With redirects helping stave off link rot, it seems that we can fulfill the wish behind Kristina Halvorson’s plea not to allow the web become like the junk-filled planet in Wall-E. Instead of piling up old versions of pages, the links stay fresh while the content might age a bit, like a fine wine.
For help content, I can list reasons that older content might be just fine, no need to send off alarms.
- Software that has classic features that were well documented in the first place, those pages can be static.
- Pages that haven’t been updated but are still oft-visited I would consider to be fresh, not stale. As long as the comments don’t indicate a problem with the content, it can be considered fresh.
- Depending on how well it’s resourced or energetic it is, your writing staff and community can only add a finite amount of content per week (or month). So the percentage of old content may be higher than the percentage of new content. That ratio is probably okay as your site ages. The mark the report sets is two years (24 months), then the content might be “old.”

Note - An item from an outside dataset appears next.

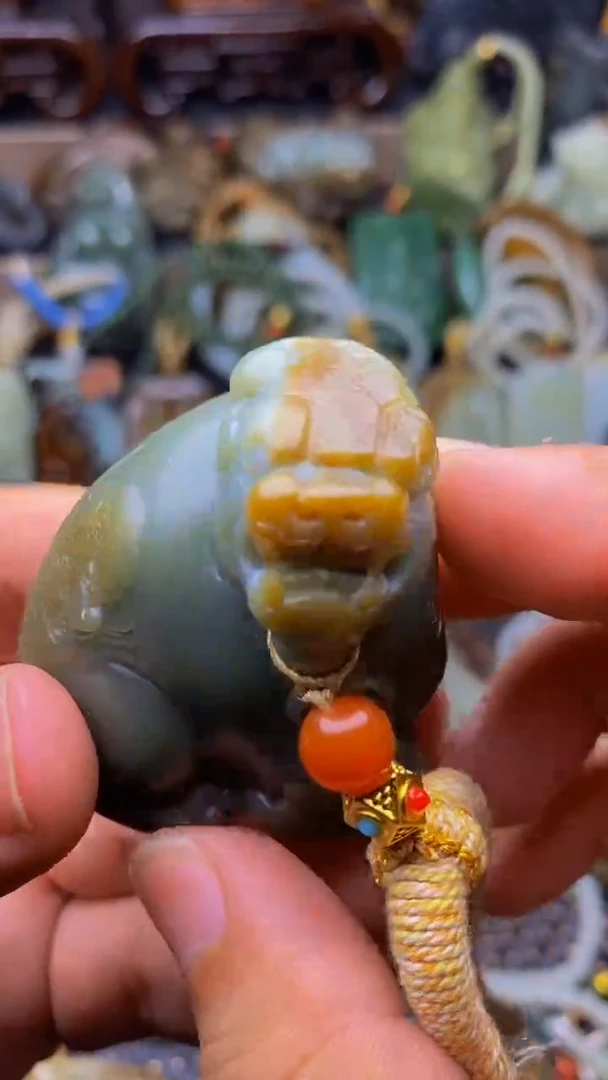 未镶嵌和田玉把件纵**海1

- Depending on the scope of the aging report, an older product would have older help pages. Filtering helps you tune in the grouping of pages where you might be concerned about stale pages.
Two years would be a long time in a web application’s life, but perhaps not so long for an enterprise application. As usual, the answer to “Must Help Pages Live Forever?” is “It depends.” The real question that I’m trying to answer is “When are Help Pages Stale?” I believe two years is a valid and reasonable line to draw. What do you think?